▶ _REQUIREMENT_: Reproduce the whole listing that follows, character for character, and drop the images.

*** THE DATA ***

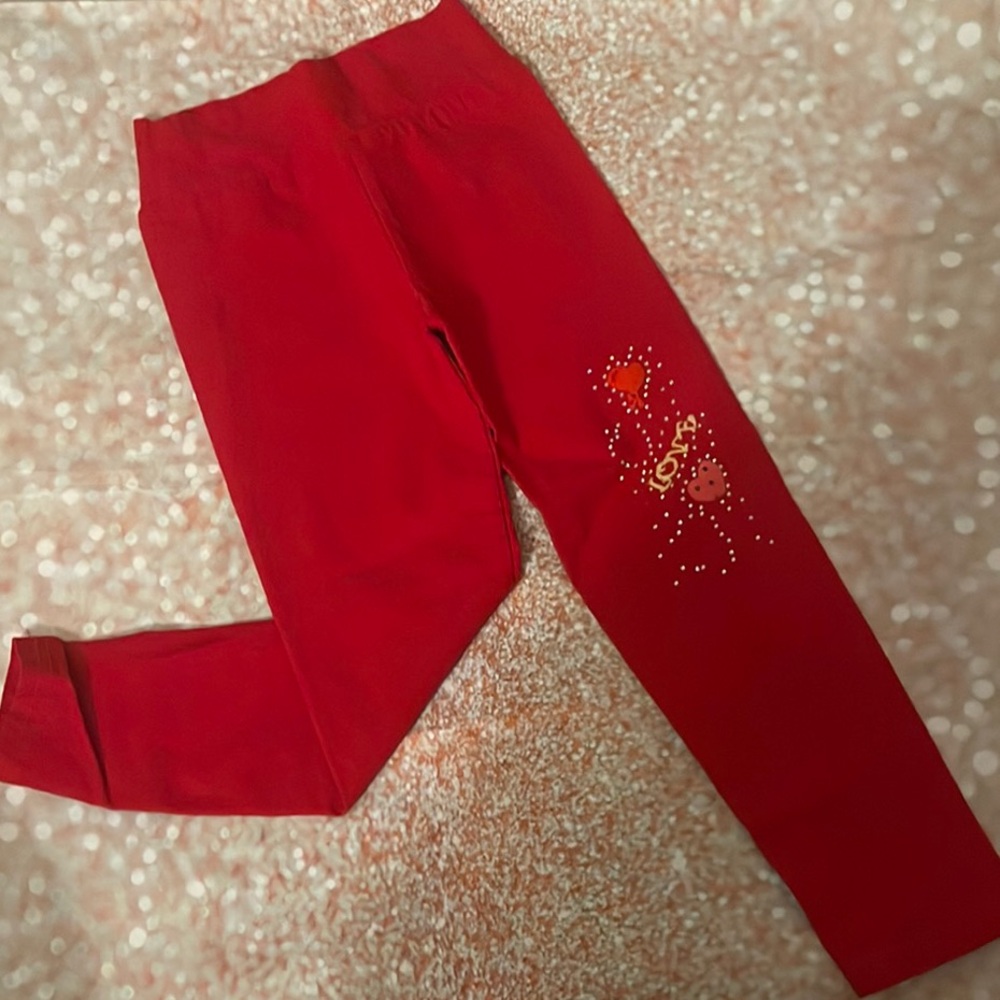 Valentine’s Day kids red Leggings or any day of Love in your heart.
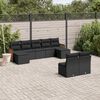 vidaXL 9-delige Loungeset met kussens poly rattan zwart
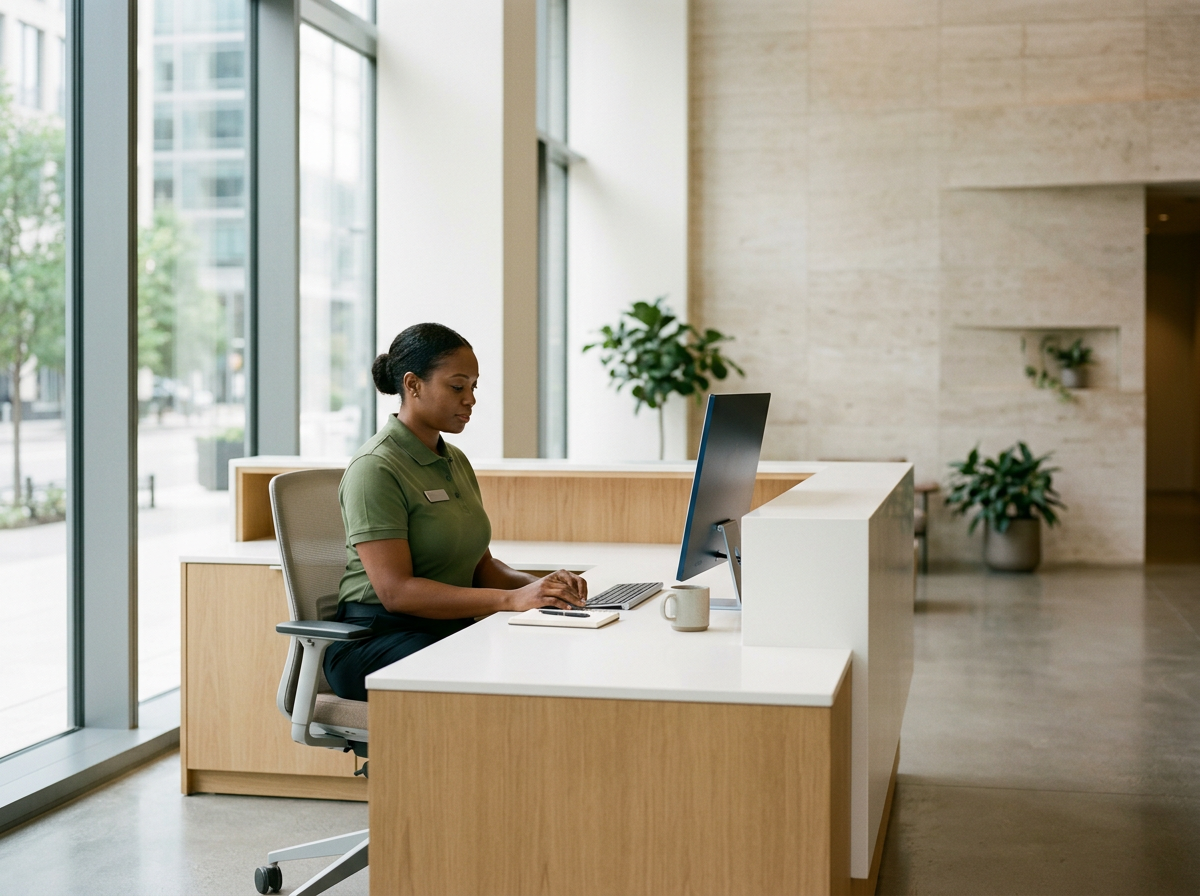 A woman in a green shirt working at a reception desk in a modern office building with large glass windows and potted plants in the background.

*** End of THE DATA ***

▶ _RESPONSE TO THIS TASK_:
 Valentine’s Day kids red Leggings or any day of Love in your heart.
 vidaXL 9-delige Loungeset met kussens poly rattan zwart
 A woman in a green shirt working at a reception desk in a modern office building with large glass windows and potted plants in the background.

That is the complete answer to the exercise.